Robotics and Navigation: Radar and sonar systems report target positions as (range, bearing) — a natural polar format that requires rectangular conversion for grid-based mapping, path planning, and sensor fusion.
Complex Numbers: A complex number z = x + iy has polar form z = r · e^(iθ) per Euler's formula. Multiplying two complex numbers reduces to multiplying magnitudes and adding angles, far simpler than rectangular expansion.
Physics and Engineering Design: Central force problems (gravity, electrostatics) and wave propagation equations simplify substantially in polar or cylindrical coordinates, where radial symmetry matches the underlying physics.

Angle Units: Degrees vs. Radians

Radians are the natural unit for calculus and most physics formulas. Degrees are standard in engineering drawings, navigation, and everyday geometry. One full revolution equals 2π ≈ 6.2832 radians = 360°. To convert an atan2 result in radians to degrees, multiply by 180/π ≈ 57.2958. This calculator supports both units so results integrate directly into downstream work without manual conversion.

Methodology and Sources

This polar form converter implements the standard trigonometric conversion formulas documented in Paul's Online Math Notes — Calculus II: Polar Coordinates and MFG Polar Coordinates (University of Nebraska–Lincoln). The atan2 function follows IEEE 754 conventions, returning values in (−π, π] radians and correctly handling boundary cases such as x = 0 (yielding ±90°) and the origin (r = 0, θ = 0).

Reference

Frequently asked questions

What is polar form and how does it differ from rectangular form?

Polar form expresses a point using its distance from the origin (r) and its angle from the positive x-axis (θ). Rectangular form uses horizontal and vertical coordinates (x, y). Polar form simplifies complex number multiplication and is the natural representation for rotation-based problems in physics, robotics, and electrical engineering, where magnitude and direction matter more than grid position.

How do you convert rectangular coordinates to polar form?

To convert (x, y) to polar form, calculate the magnitude r = √(x² + y²) and the angle θ = atan2(y, x). For example, the point (3, 4) gives r = √(9 + 16) = 5 and θ = atan2(4, 3) ≈ 53.13°. Always use atan2 rather than plain arctan to correctly determine the quadrant of the resulting angle.

Why use atan2 instead of arctan for polar conversion?

The standard arctan function returns values only between −90° and 90°, so it cannot distinguish between opposite quadrants. For instance, both (1, 1) and (−1, −1) yield arctan(y/x) = 45°, but their true angles are 45° and −135° respectively.
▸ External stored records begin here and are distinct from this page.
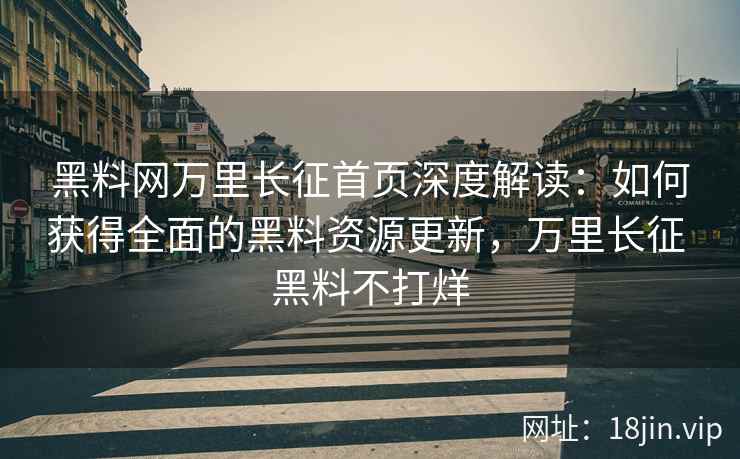黑料网万里长征首页深度解读：如何获得全面的黑料资源更新，万里长征 黑料不打烊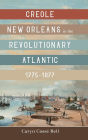 Creole New Orleans in the Revolutionary Atlantic, 1775-1877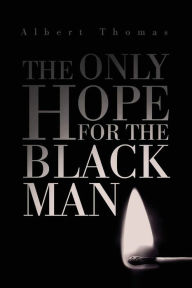 Title: The Only Hope for the Black Man, Author: Albert Thomas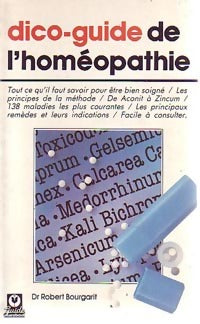 Livrenpoche : Dico-guide de l'homéopathie - Dr Robert Bourgarit - Livre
The two-argument atan2(y, x) considers the signs of both coordinates independently, returning the correct angle across all four quadrants without any ambiguity.

What does the angle θ represent in polar coordinates?
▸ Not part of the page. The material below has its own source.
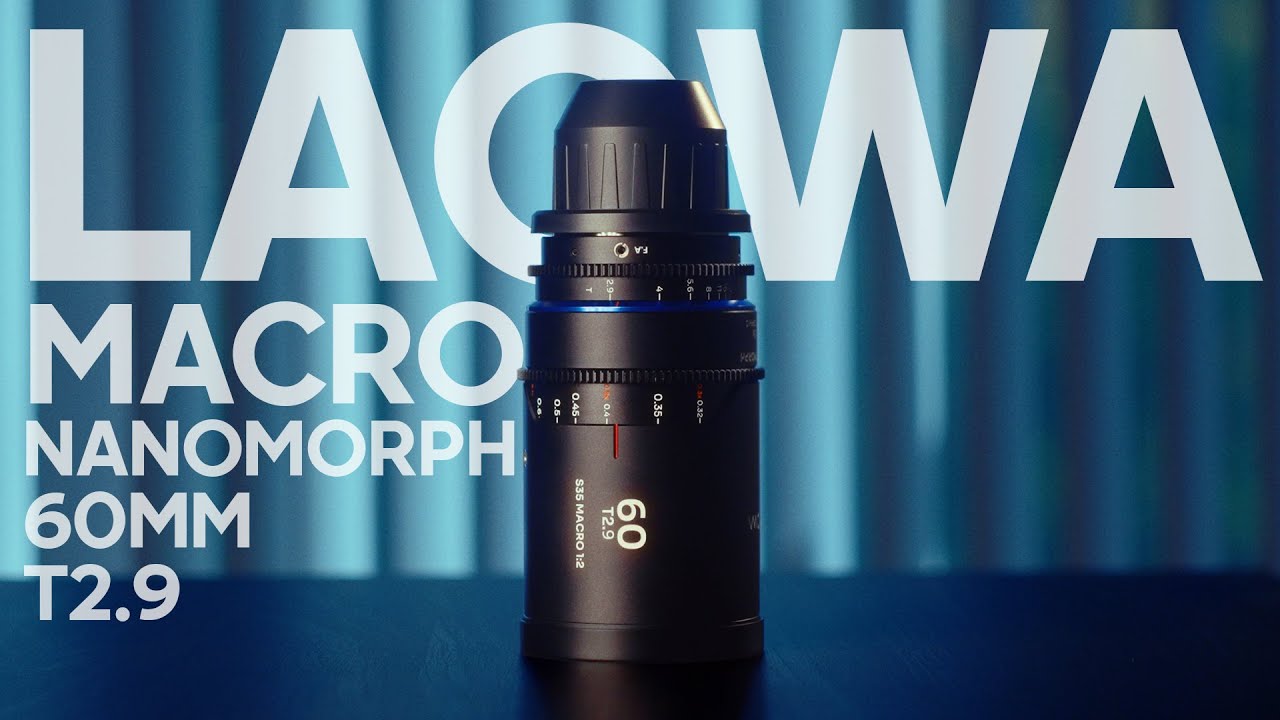 Невероятный анаморфотный объектив | LAOWA NANOMORPH 60mm MACRO T2.9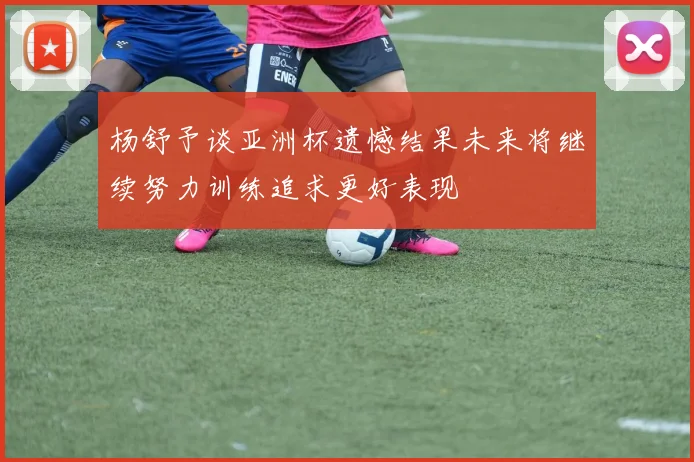 杨舒予谈亚洲杯遗憾结果未来将继续努力训练追求更好表现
The angle θ is measured counterclockwise from the positive x-axis to the ray connecting the origin to the point. Using atan2, it ranges from −180° to 180° (or −π to π radians). In navigation, bearings are measured clockwise from north, so converting polar θ to a compass bearing requires subtracting θ from 90° and adjusting the result into a 0°–360° range.

How is polar form used in electrical engineering?

Electrical engineers represent AC voltages, currents, and impedances as phasors in polar form: Z = r∠θ, where r is the magnitude in ohms and θ is the phase angle in degrees. For example, the impedance Z = 3 + 4j Ω converts to Z = 5∠53.13° Ω. Multiplying impedances in polar form reduces to multiplying magnitudes and adding angles, which is far simpler than expanding rectangular arithmetic.

Can r be negative in polar coordinates?

By mathematical convention, r can be assigned a negative value, meaning the point lies in the direction opposite to θ. For example, (r, θ) = (−3, 45°) represents the same point as (3, 225°). However, the standard convention used in engineering and complex number analysis keeps r ≥ 0, producing a unique, unambiguous representation. This calculator always returns a non-negative magnitude.